Jalones entre la niebla, por su parte, suma al dolor retrospectivo de aquel amor perdido en una «isla de ensueño» el dolor del exiliado que anhela la muerte como una liberación. Ana María evoca en este libro, como en un álbum de fotografías lóbregas, los paisajes de su éxodo; y la crónica del destierro se alterna con la descripción de la cárcel donde yace postrado su espíritu. Todo el poemario destila un sabor de lenta espina que se clava «carne adentro», mientras los «eternos fantasmas / y el nombre que no digo / el corazón me abrasan». Pero también asoman los poemas puramente descriptivos, como el que dedica al barrio de Montparnasse; incluso tiene cabida la felicidad, o al menos su espejismo, que cristaliza en las composiciones datadas en Montauroux. Tampoco los dos libros que completan Laberinto de presencias, Los motivos del mar y Visiones y sortilegios, se atreven a pronunciar el nombre de aquel amor de pupilas verdes que, «como un garfio agudo», había lastimado su memoria. En ellos, la voz de nuestra poeta va perdiendo fuelle o haciéndose impostada, mientras se acoge progresivamente a un surrealismo algo trivial o devaluado.

En los años siguientes, Ana María seguirá dando clases en Urbana durante el curso y visitando durante el verano Barcelona (donde acabará ahuyentando a sus pocas amistades y enzarzándose en biliosas querellas familiares con su hermana Berta) y Mallorca, donde la acoge la familia de su otra hermana, Mari Pepa.

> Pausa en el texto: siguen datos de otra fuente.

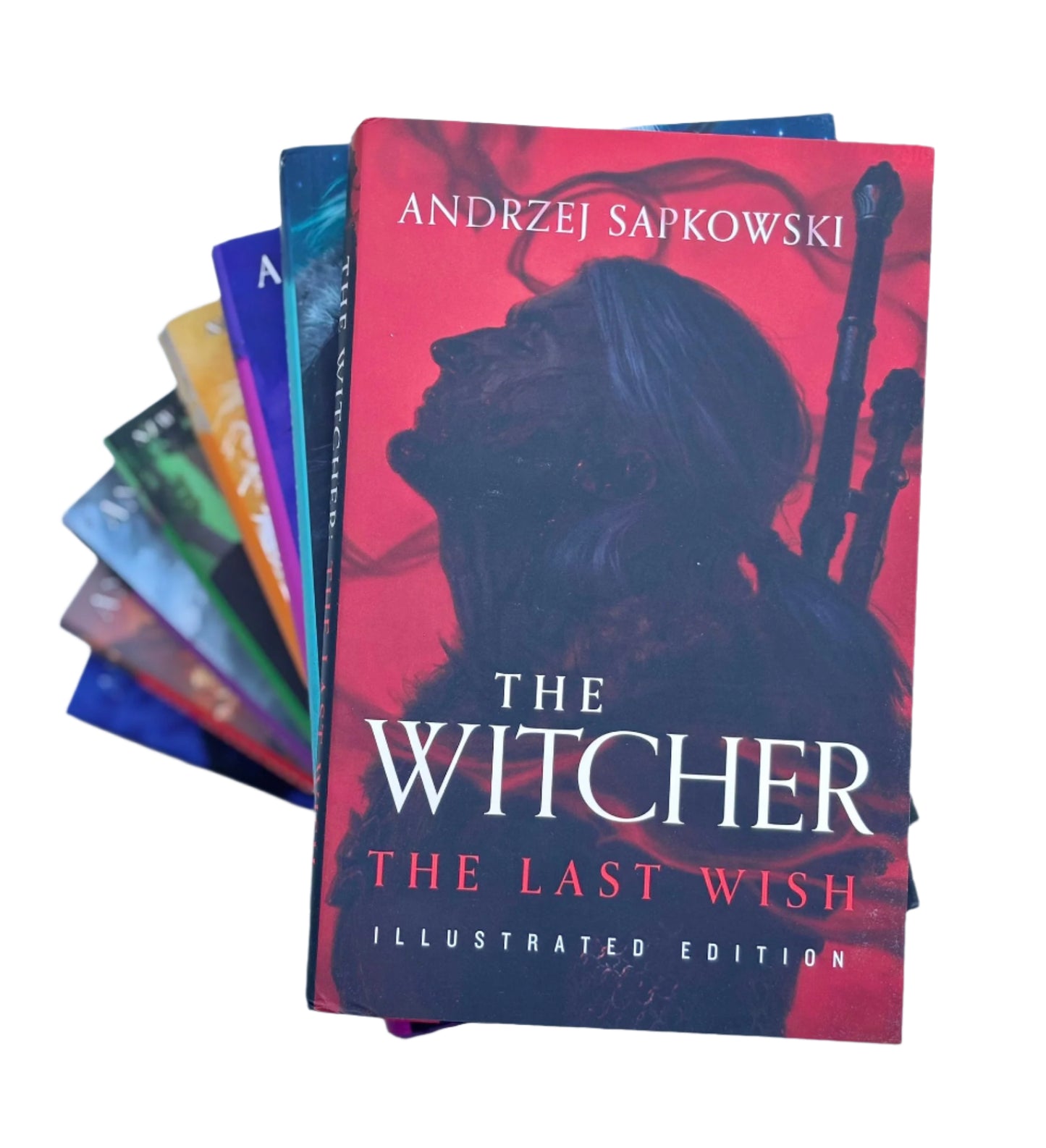 Witcher Series Collection Eight (8) Book Set - Season of Storms, The Last Wish, etc - Andrzej Sapkowski - Hardcovers, Gorgeous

Brinda algún recital poético en librerías de la isla y pule un par de poemarios de muy distinto tono que nunca llegaría a publicar: Noche sobre el grito, imprecatorio y jeremíaco, donde expresa su dolor ante una España ingrata y extranjera que reniega de sus hijos dispersos por el mundo, mientras se entrega a la pitanza de la prosperidad recién adquirida; y La voz sola, delicado y doliente, a nuestro juicio la cima de su genio poético, que vuelve obsesivamente al corazón sangrante del recuerdo para glosar una vez más su remoto idilio con Elisabeth Mulder, allá en una isla real o soñada, epicentro perenne de su vida afectiva y poética. También entonces escribe sus inéditas Andanzas de la memoria, un compendio de amables y evocadoras estampas que no llegan a ser memorias y que rehúyen pudorosamente los aspectos más tortuosos y trágicos de su vida.